- The Washington Times - Thursday, October 13, 2005

Sometimes musicians make choices that lead them off the typical career track. Sometimes it works out. Sometimes it doesn’t. Sometimes it doesn’t matter.

When singer-songwriter Diane Zeigler found out she was pregnant, just after the release of her 1995 debut album, “The Sting of the Bee,” on Rounder Records, her career track and the critical praise for her album didn’t matter. She just put her career on hold and went home to Vermont to raise her family.

Ten years later she’s back, as back as one can be and still take care of two children 10 and under.

“Over the last five years, I’ve been slowly coming back to the music biz,” Miss Zeigler says. “I’m just touring a lot more than I have. I’ve been dipping my toe in the pond, so to speak, and now I’m up to my ankles.”

Her expanding tour schedule brings her to the Washington area this weekend, playing four shows in three days. She has a house concert in Manassas on Saturday and two in Washington on Sunday, including one in the thriving “Live at the Deej” series.

On Monday, she brings her clear, beautiful, expressive voice to the Kennedy Center’s Millennium Stage for a free performance.

Her return brings her back from both a physical and an emotional distance. From 1995 to 1999 she stayed completely away from touring and performing — though not from songwriting.

In 1999, one of her new songs won first prize in the songwriting competition at the famous Kerrville Folk Festival in Texas. Later that year she put together and self-released her second album, “These are the Roots,” and exceeded the expectations of her first. Two more albums of touching, honest, uplifting songs followed over the next few years along with her slow return to touring.

Despite the effort needed to rebuild her career, Miss Zeigler has never second-guessed her choice.

“It was crystal clear to me,” she says. “I don’t know that it was entirely about being pregnant and having a child. I felt like I was standing on the precipice of my future when I signed with Rounder. I saw my life plan. I saw how I was going to live for the next 10 years.”

After putting her two children through their first years in school, Miss Zeigler took another look at her career. “I felt that I still had more that I wanted to say and more that I wanted to do,” she says.
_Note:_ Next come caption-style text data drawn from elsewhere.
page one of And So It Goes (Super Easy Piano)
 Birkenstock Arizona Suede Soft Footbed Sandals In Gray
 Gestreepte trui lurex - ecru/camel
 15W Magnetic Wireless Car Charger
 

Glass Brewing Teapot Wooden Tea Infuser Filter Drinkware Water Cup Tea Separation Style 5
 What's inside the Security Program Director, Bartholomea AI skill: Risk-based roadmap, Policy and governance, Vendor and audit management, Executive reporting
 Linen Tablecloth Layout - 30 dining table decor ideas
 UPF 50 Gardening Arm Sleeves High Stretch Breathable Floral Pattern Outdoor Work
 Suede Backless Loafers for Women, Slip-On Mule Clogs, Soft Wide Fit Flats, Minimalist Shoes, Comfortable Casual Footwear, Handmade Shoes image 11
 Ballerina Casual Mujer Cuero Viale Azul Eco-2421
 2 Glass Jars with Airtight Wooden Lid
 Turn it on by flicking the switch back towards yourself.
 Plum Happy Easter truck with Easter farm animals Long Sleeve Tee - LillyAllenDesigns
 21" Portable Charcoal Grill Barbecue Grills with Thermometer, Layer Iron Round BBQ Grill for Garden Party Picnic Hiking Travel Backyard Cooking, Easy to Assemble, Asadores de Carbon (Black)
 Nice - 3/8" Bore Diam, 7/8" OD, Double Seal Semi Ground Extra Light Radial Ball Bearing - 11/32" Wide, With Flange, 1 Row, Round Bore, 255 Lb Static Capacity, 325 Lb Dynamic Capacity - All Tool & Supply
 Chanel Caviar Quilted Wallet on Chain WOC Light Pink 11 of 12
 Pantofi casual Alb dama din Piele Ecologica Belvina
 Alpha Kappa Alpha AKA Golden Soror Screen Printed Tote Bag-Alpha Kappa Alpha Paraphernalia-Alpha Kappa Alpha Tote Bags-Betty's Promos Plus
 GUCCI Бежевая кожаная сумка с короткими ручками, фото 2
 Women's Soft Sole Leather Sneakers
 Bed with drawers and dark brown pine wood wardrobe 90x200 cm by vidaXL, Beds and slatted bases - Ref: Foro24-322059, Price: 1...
She didn’t have to start from scratch. The Internet has allowed her to keep in touch with her fan base. She released her last album, a Christmas album entitled “December in Vermont,” in November 2004, and it sold 3,000 copies in the first month — from only an e-mail to her fans.

• • •

When Adrienne Young released her debut album, “Plow to the End of the Row,” in early 2004, it was clear she had something to say and an invigorating way of saying it. The album quickly captured the interest of everyone from National Public Radio to the Americana Music Awards. Miss Young and her band, Little Sadie, embraced traditional folk-styled music, infused it with honest answers to today’s questions, and made it sound fresh and new.

This year, Miss Young’s second album, “The Art of Virtue,” brilliantly reinforces the point that traditional-styled music doesn’t have to sound stodgy.

Washington audiences will have two opportunities to listen to this world view tomorrow. Adrienne Young and Little Sadie will perform at 12:30 p.m. at the Borders bookstore on 14th Street Northwest. Tomorrow night the group will open for the “American roots” star Tim O’Brien at the Birchmere.

To Miss Young, it’s important that her songs speak to the issues. “I’m a little bit of a sucker when it comes to kind of feeling like the greater good is why I’m here, to contribute to it,” she says.

Reading Ben Franklin’s autobiography gave her an idea of one way she could do that. In the book, he examines the importance of trying to improve one’s character.

“It’s the moment-to-moment choices that make the big difference,” Miss Young says, “and you may never master temperance and industry and resolution and chastity and frugality and all these things but you can try. And you can make some progress.”

Miss Young considers these so-called old fashioned virtues in “The Art of Virtue.” Her view is genuine, thought-provoking and never preachy. It blends beautifully with the clear honest sound of her sweet voice and the time-honored sound of her music.